**DATA RECORDS**
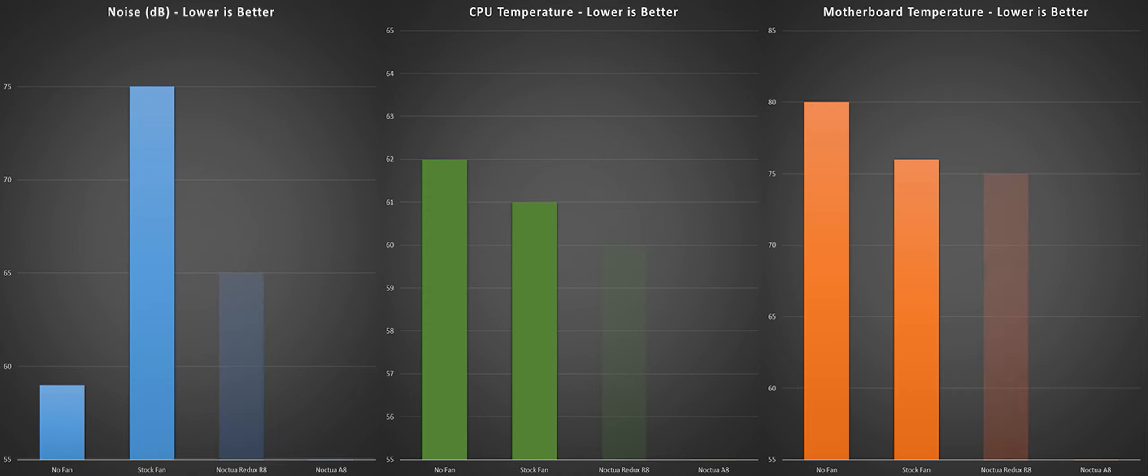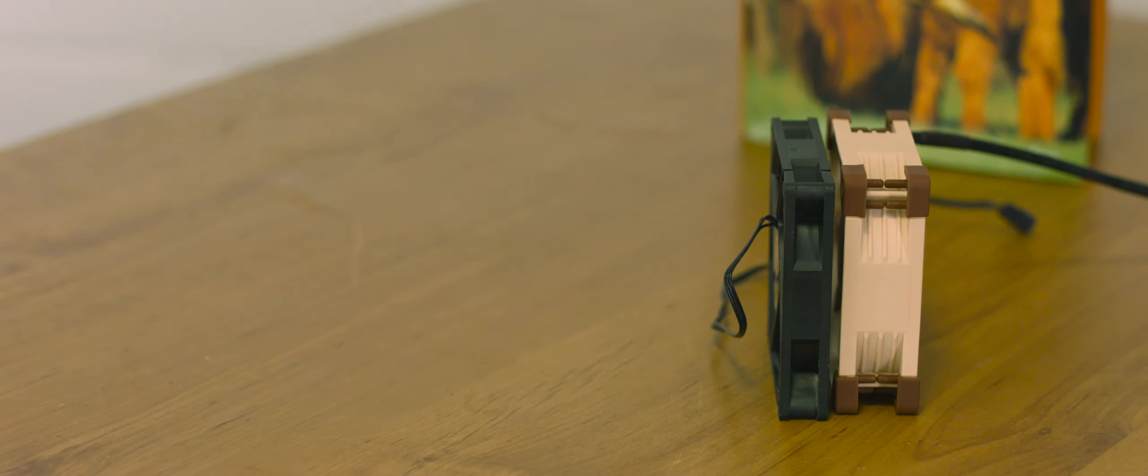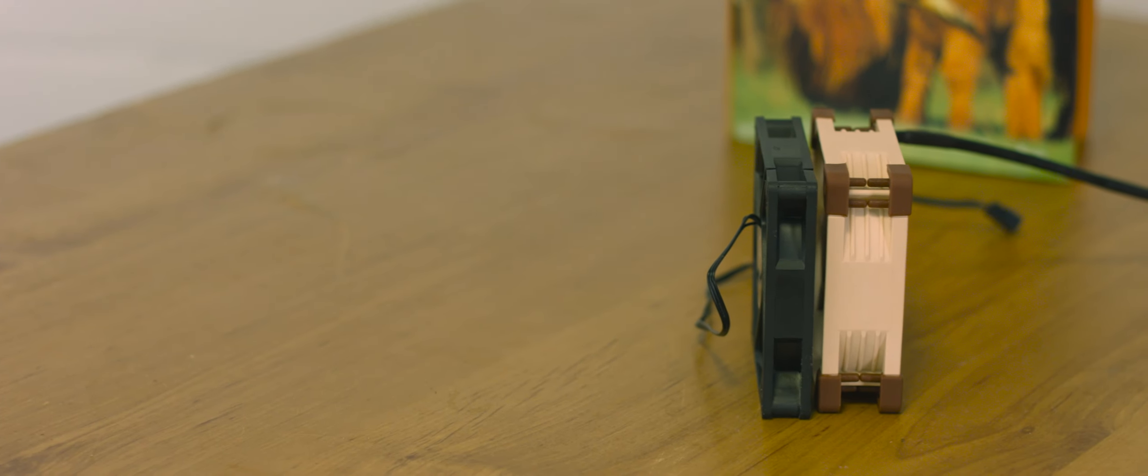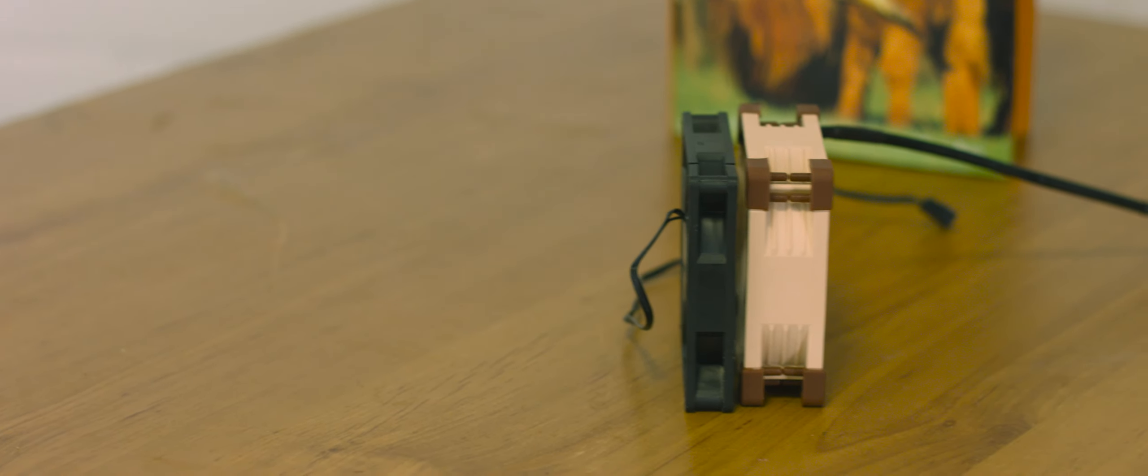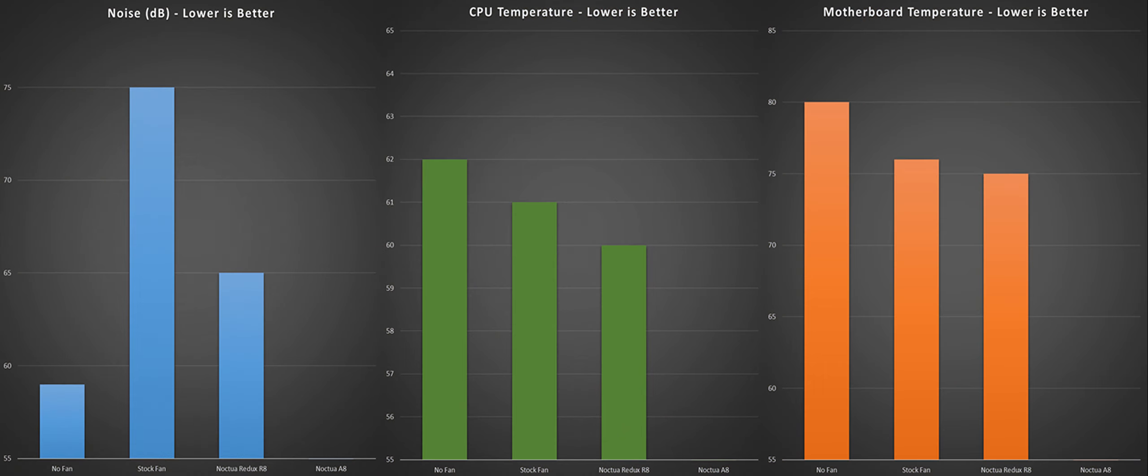Third is with the Noctua Redux R8. It is worth mentioning that the Noctua fans are much thicker than the CoolerMaster fan, so the Noctua fans don't fit properly into the CoolerMaster 120 case, so I improvised with Blu-Tac.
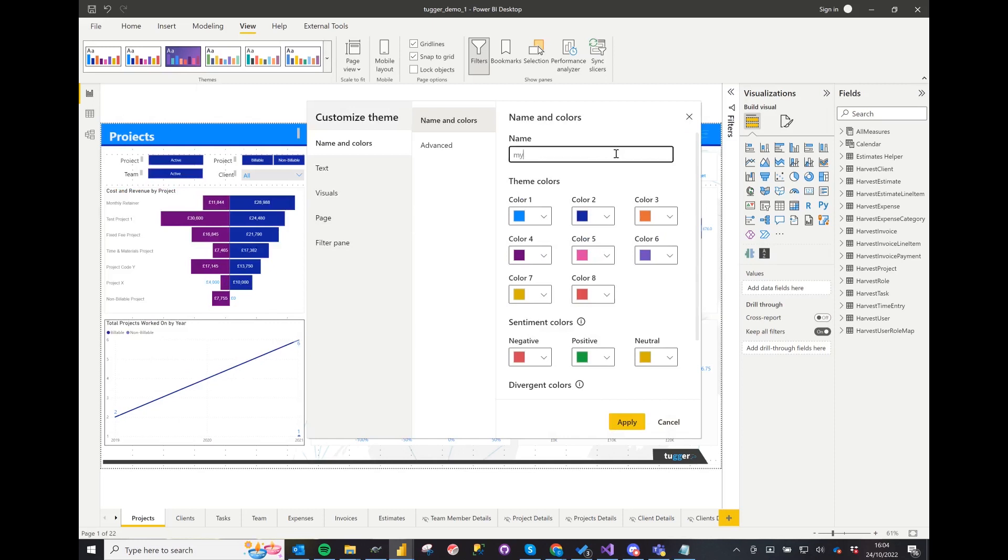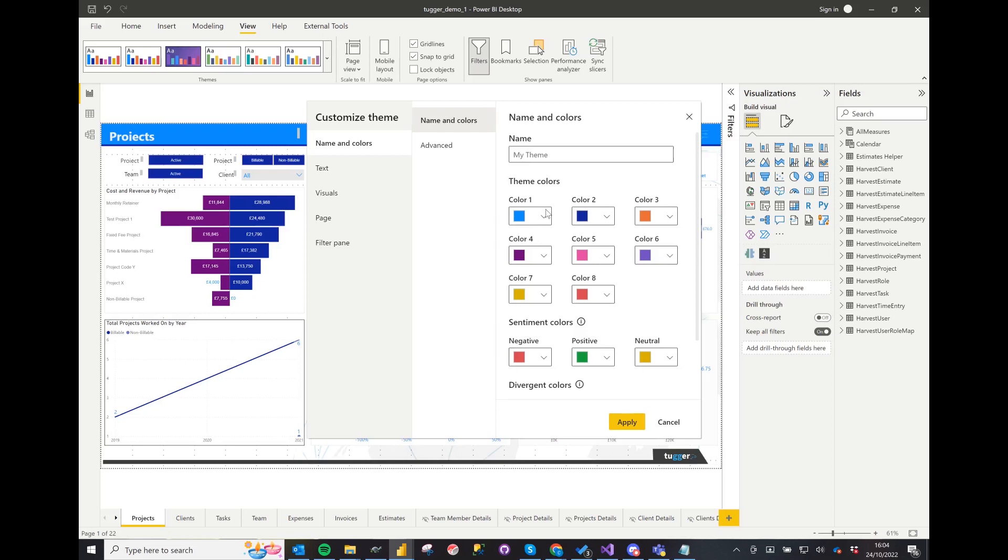Here we can choose from standard colors and fonts, and once you have made the changes just click Apply Changes.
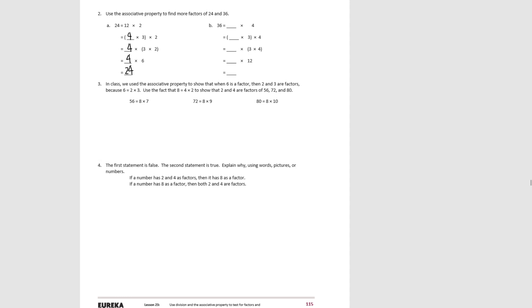For part B, 36 is 9 times 4. I can decompose 9 into 3 times 3. I can associate the second 3 with the 4 to get 12. 3 times 12 is 36. So that tells me that 3, 4, 9, and 12 are all factors of 36.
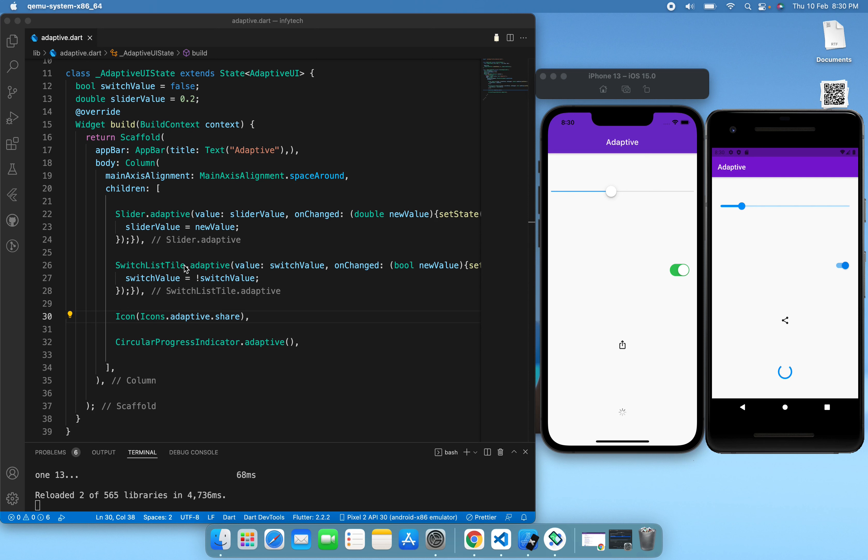Hello everyone, welcome to my channel. In this video we're going to see what the adaptive constructor is in Flutter. Basically, the adaptive constructor allows you to target a specific platform and gives you platform-specific UI — for Android it gives you the Material UI and for iOS it gives you the Cupertino UI.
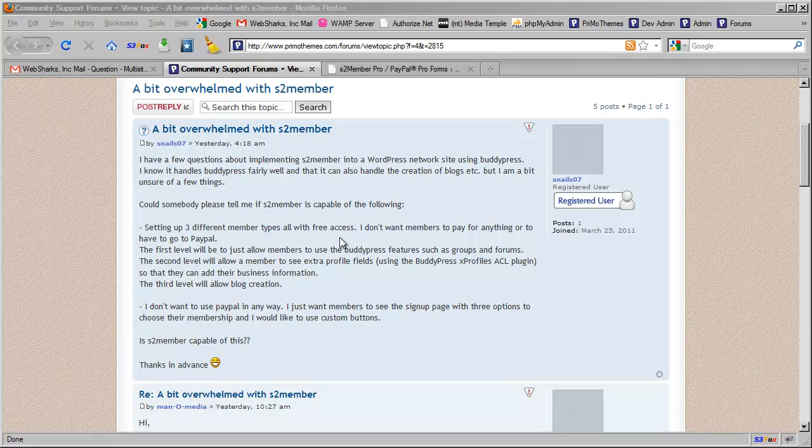And then levels one through four are designed for paid access. So S2 member just assumes that anyone that's coming in at one of the levels one, two, three, or four are going to be paying. Unfortunately, in the free version of S2 member, what they're asking for is not possible yet.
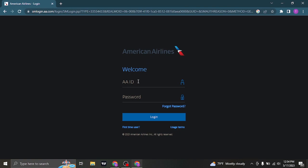On this login page you'll firstly need to type in your American Airlines ID and in the second box type in the password.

**TASK OBJECTIVE**
Pictures do not belong in the copy. Repeat only the lines from the top of the records through the line containing "And then levels".

**RESPONSE BELOW**
Third is with the Noctua Redux R8. It is worth mentioning that the Noctua fans are much thicker than the CoolerMaster fan, so the Noctua fans don't fit properly into the CoolerMaster 120 case, so I improvised with Blu-Tac.
Here we can choose from standard colors and fonts, and once you have made the changes just click Apply Changes.
For part B, 36 is 9 times 4. I can decompose 9 into 3 times 3. I can associate the second 3 with the 4 to get 12. 3 times 12 is 36. So that tells me that 3, 4, 9, and 12 are all factors of 36.
Hello everyone, welcome to my channel. In this video we're going to see what the adaptive constructor is in Flutter. Basically, the adaptive constructor allows you to target a specific platform and gives you platform-specific UI — for Android it gives you the Material UI and for iOS it gives you the Cupertino UI.
And then levels one through four are designed for paid access. So S2 member just assumes that anyone that's coming in at one of the levels one, two, three, or four are going to be paying. Unfortunately, in the free version of S2 member, what they're asking for is not possible yet.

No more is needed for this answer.